The question I was thinking about is, if antes are $10-million each, would you ever fold? Let's say our opponent is first to act, he bets $1, and the card we were dealt is card 3. So there's only two cards in the deck we can beat. But our pot odds are 20,000,001:1. It would be strange to fold, in a $20,000,001 pot, for only $1 more. Yet if our opponent's opening bet means he has a card greater than 600,000 (or whatever), doesn't that mean we can fold everything smaller than that, despite the huge pot odds?

The answer is that even when the pot is so extremely high because of the antes, it would still be correct to bluff sometimes, but very rarely. Therefore, if the player first-to-act bets, and the other player has card 3, the other player should still call $1 because of the tiny chance that the first player was dealt card 1 or 2 and decided to bluff-bet it.

[FishAndChips]

For eveyone that thinks it's a large number of raises, 900,000 or more (as opposed to ~20), it seems to me that you are looking at your odds of having the best hand against a random hand by your opponent, and then figuring it is correct to bet and raise a number of times proportional to the number of hands you beat initially.

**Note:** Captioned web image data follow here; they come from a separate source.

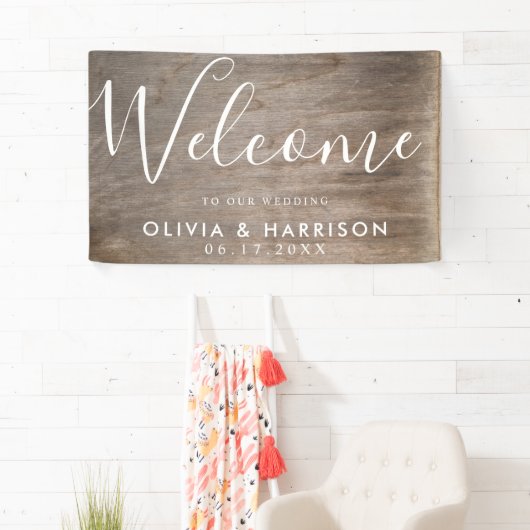 Elegantes Script Rustic Wedding Welcome Sign Banne Banner (Insitu)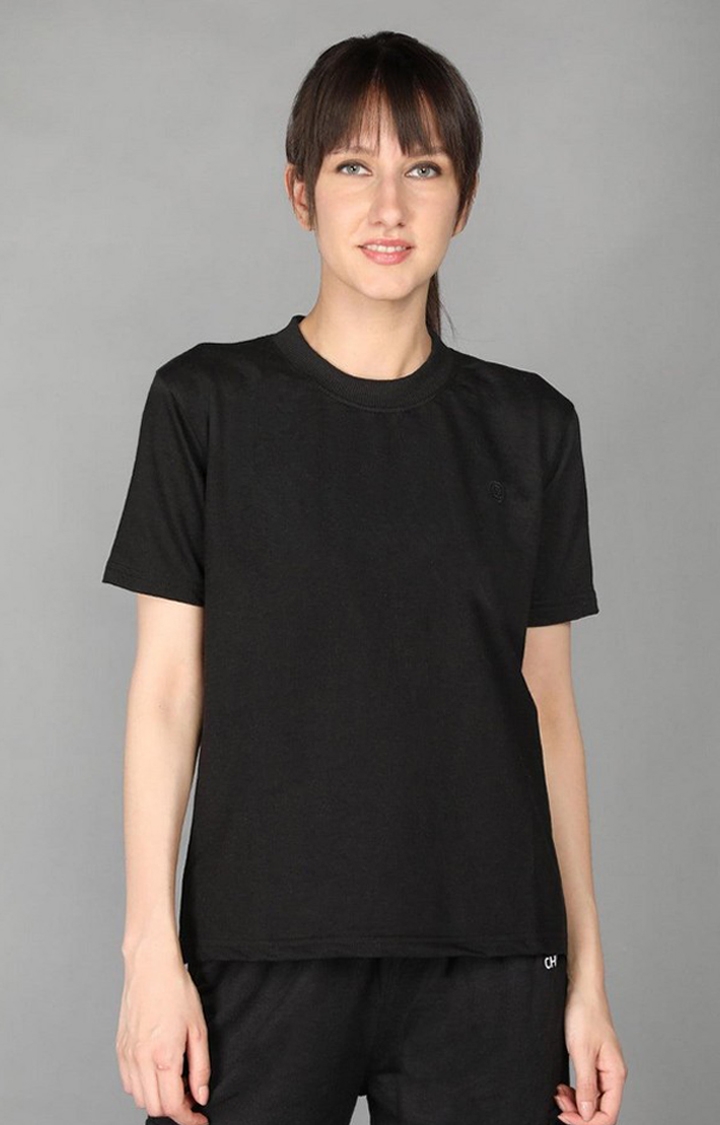 CHKOKKO | Women's Black Terry Cotton Blend Outdoor Regular T-Shirts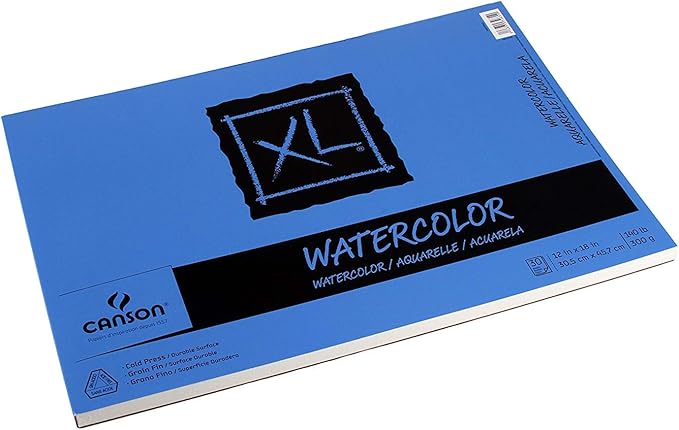 Canson XL Series Watercolor Textured Paper Pad for Paint, Pencil, Ink, Charcoal, Pastel, and Acrylic, Fold Over, 140 Pound, 12 x 18 Inch, 30 Sheets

However, everytime your opponet raises it's for what he perceives as value(as discussed previously he's an expert and not making exploitable mistakes like bluffing with zero fold equity etc.) Therefore you should only raise the number of times that you are the favorite when called. If your opponent raises on the 20th bet for value look out! He can really only have one hand. He would have just called at some point sooner if his hand was any weaker than yours, because it would not be a raise for value against what he would narrow down as your range of possible hands.

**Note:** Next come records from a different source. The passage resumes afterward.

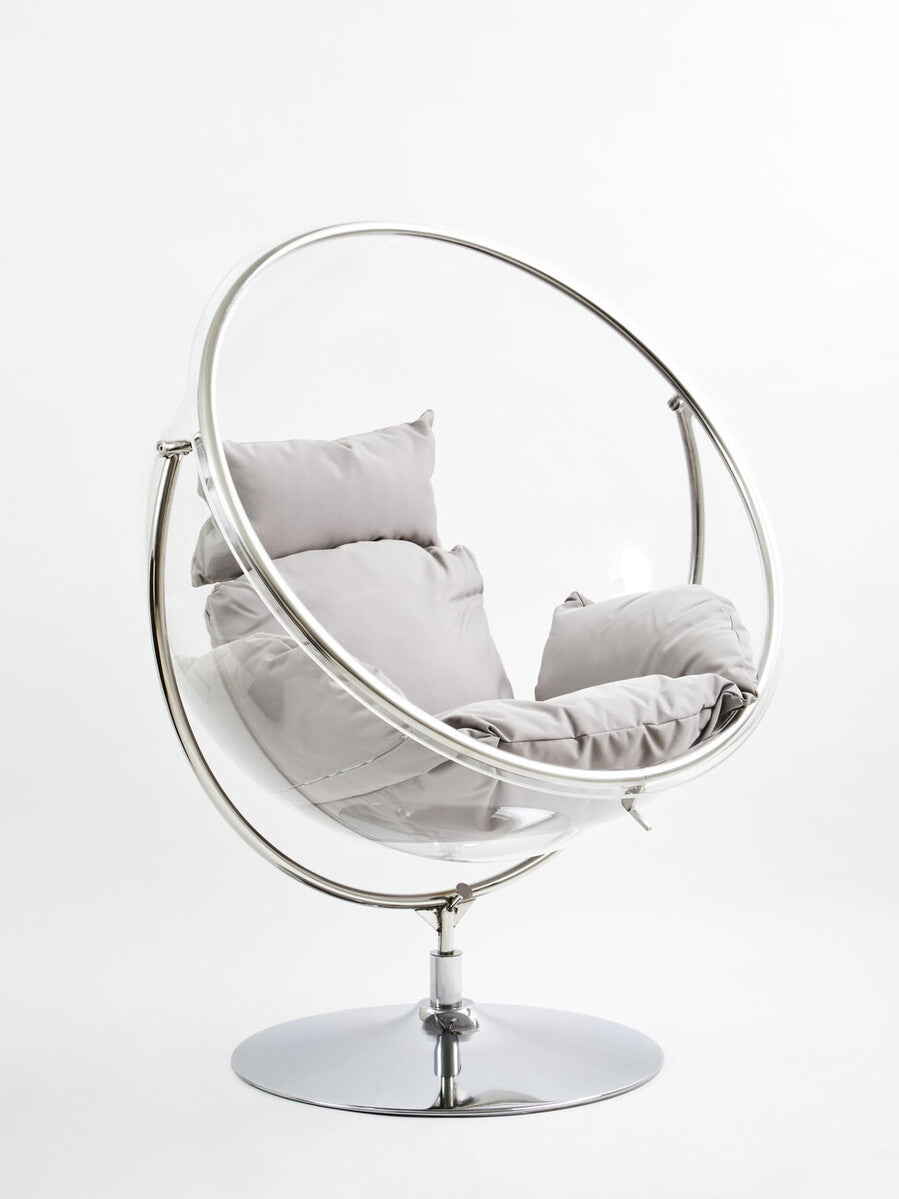 Goa Clear Swing Chair With Grey Cushions
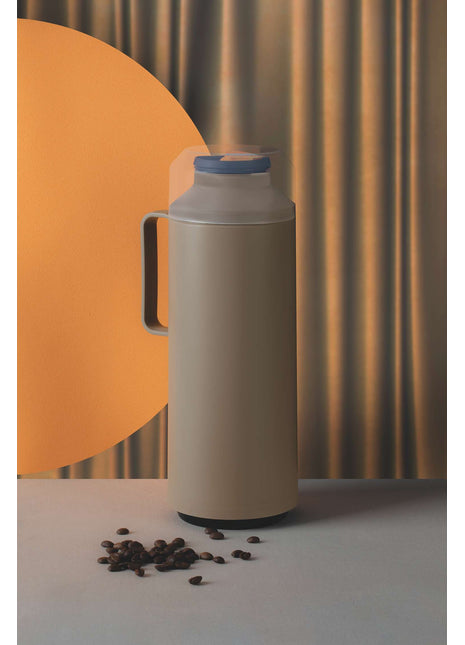 Tramontina Thermal Flask with Cup Lid and Interior Glass Container (Beige, 1.0l) - Tramontina Store UK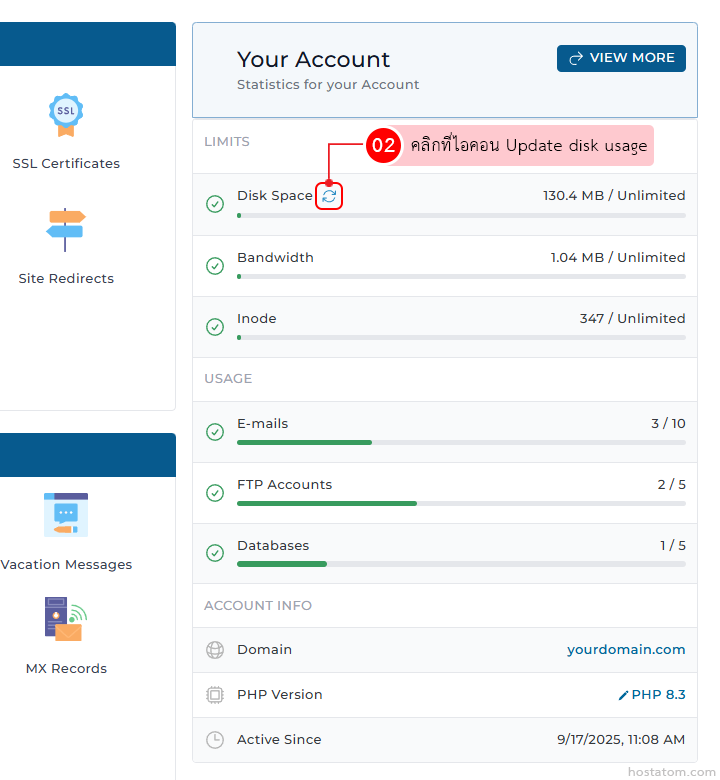 Dashboard: left nav with SSL Certificates and Site Redirects, main panel shows limits and usage info.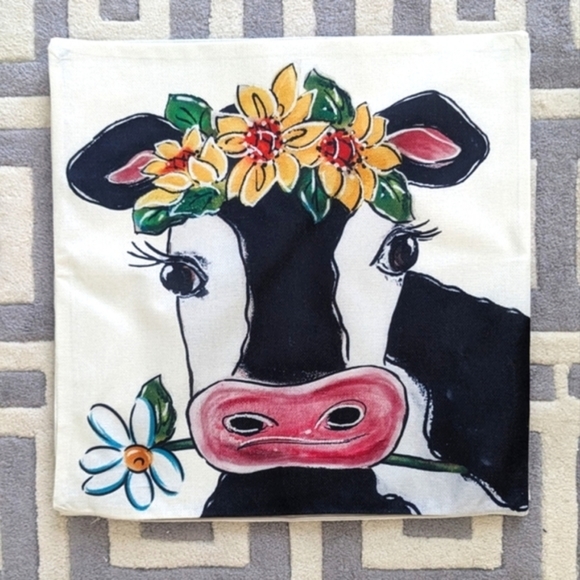 NEW COW Pillow Cover 20X20" Farmhouse Cottage Ranch Country Year of the OX - Picture 2 of 9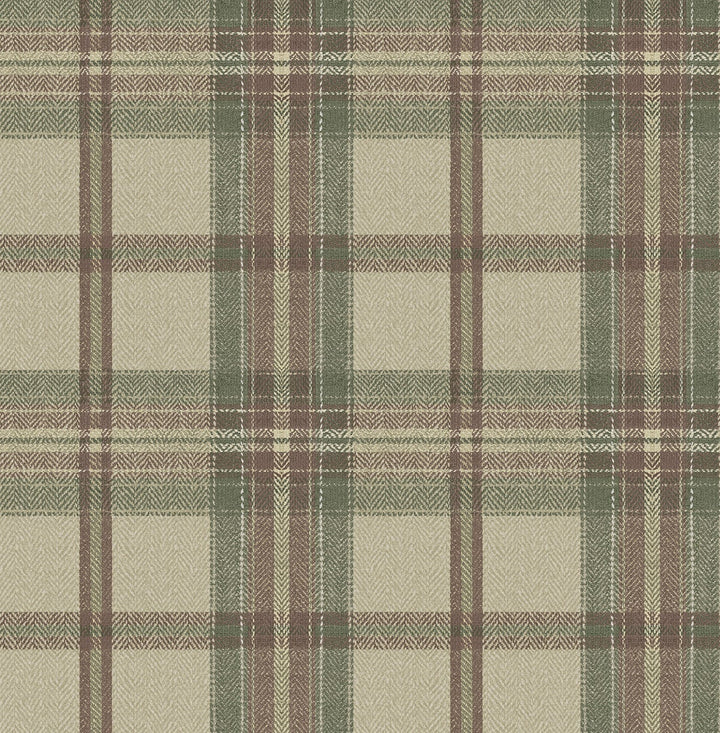 Herringbone Plaid Clay & Sage by Seabrook Wallpaper Harry & Grace Peel and Stick United States 30.75 10.43" 20.5" - Fabric Carolina -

Take an example from Hold'em. You have KK heads-up against a single opponent. The odds of your opponet having a better hand, AA, is 203.17-1. While this is not as large as the odds in the Sklansky example, 999,998-1, the number of raises is somewhat proportional. Now using the logic of the large number of raises, you would raise with KK something like 200 times. Now it's interesting to note that in actual practice, most of you would probably put your opponnet on AA after only a few bets and raises as opposed to 200+ and would subsequently just call much sooner.

[SparkyDog]

I think David's question is basically where Chen and Jerod left off, that is the infinite bet finite pot game, which is hard to solve.

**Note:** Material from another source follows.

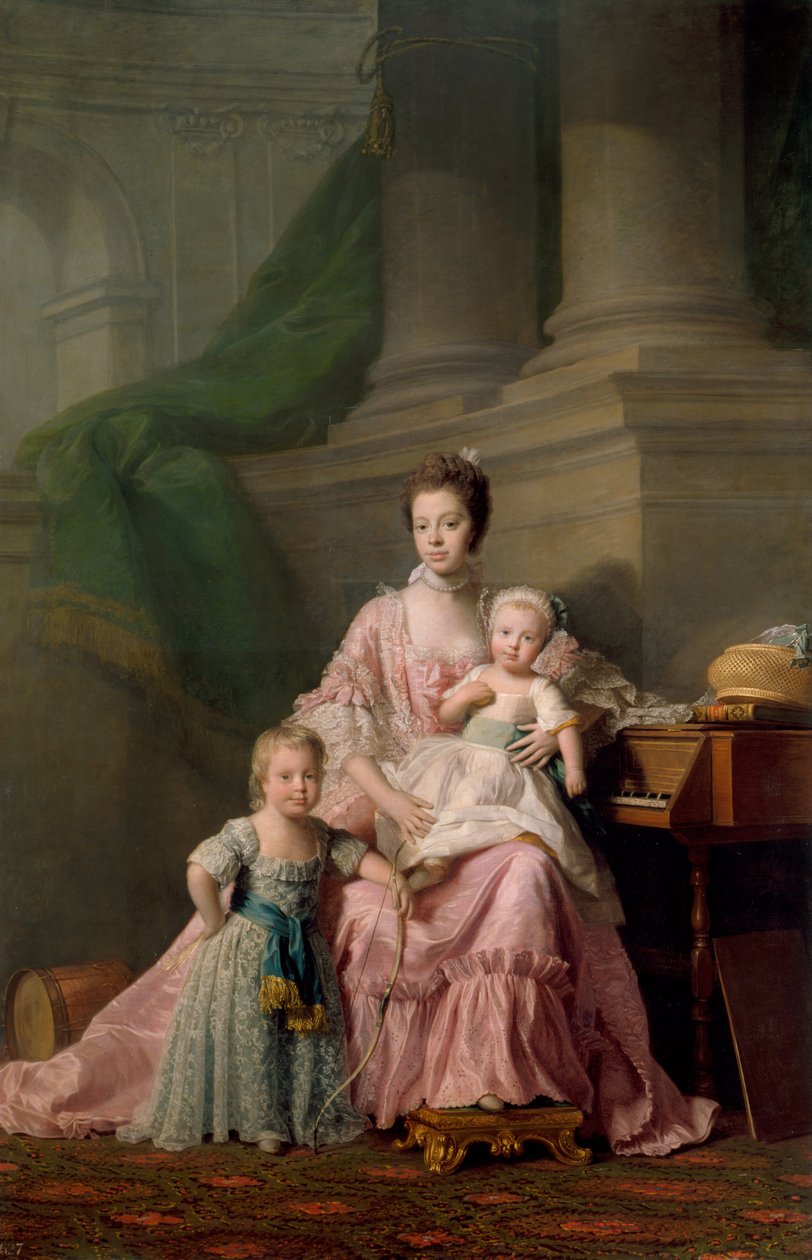 夏洛特女王1744-1818年与她的两个长子，1769年 作者 拉姆齐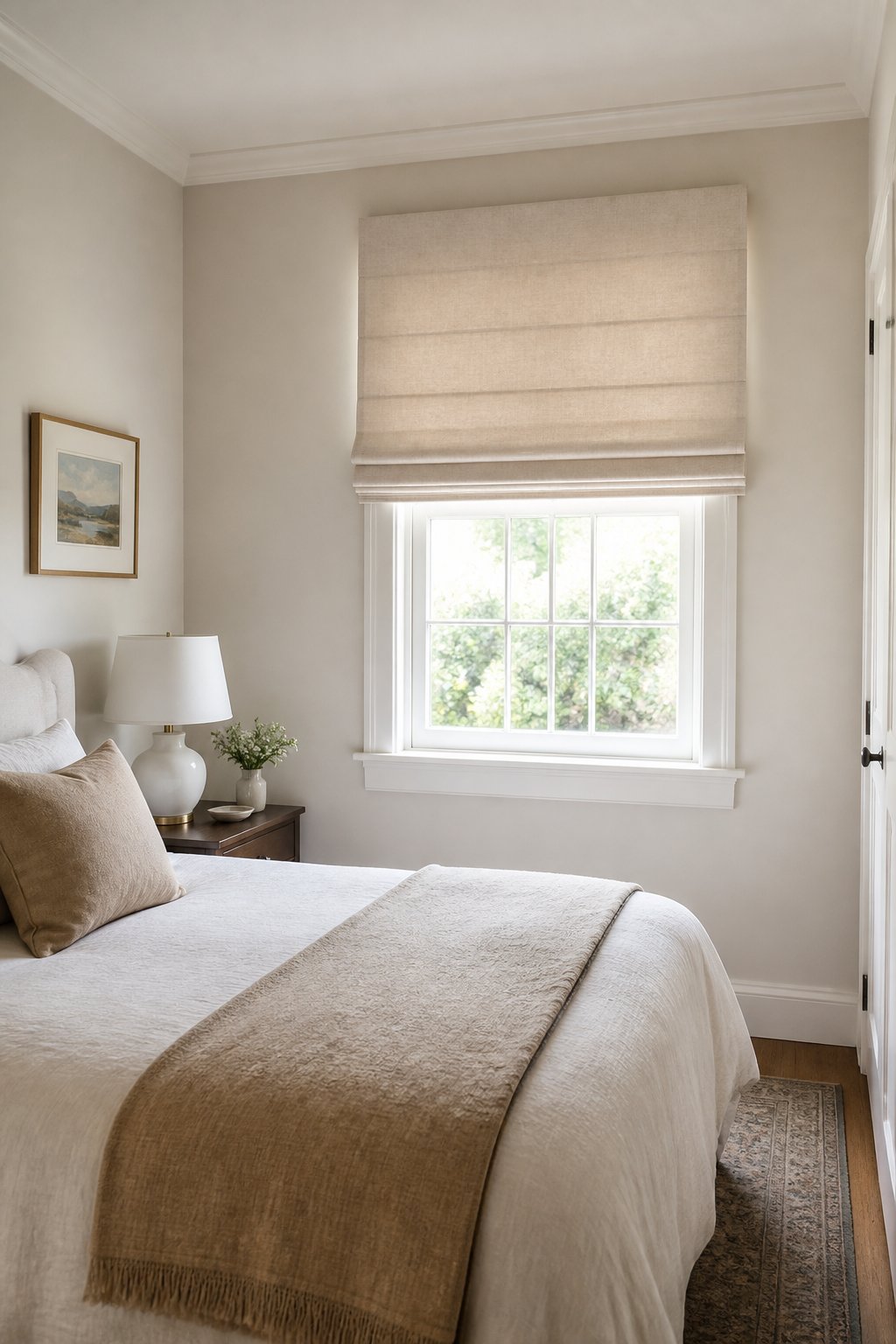 A small bedroom with a Roman shade mounted above the window frame.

The halving method is incorrect because you should only be reraising about the upper 41.4% of the your hands inthe range that your opponent could be raising.

I found a quick and dirty approximation I think that would give the optimum number of reraises by Hero, in an ex-showdown value sense.

0.414^x = 0.000001 (x is the number of bets, 0.000001 represents the percentile of hand that 999,999 is in.)
x = ln(.000001)/ln(.414) ~= 15.6658103

I round down to 15 because the nth bet the first player (hero) must put in must be an odd integer, and you can't round up in this circumstance.

The problem with this approach is that it doesn't take into account check-raising, bluffing, bluff-raising, or folding. I assumed that folding wouldn't enter the equation because the pot odds will grow increasingly greater (diminishing the likelihood of folding). Furthermore, it would only impact the answer on the final bet, (earlier bets don't apply, since it would still be correct to put in 15 bets regardless of when the opponent calls/folds) so I don't think it will have much effect on the answer.

[donkey69]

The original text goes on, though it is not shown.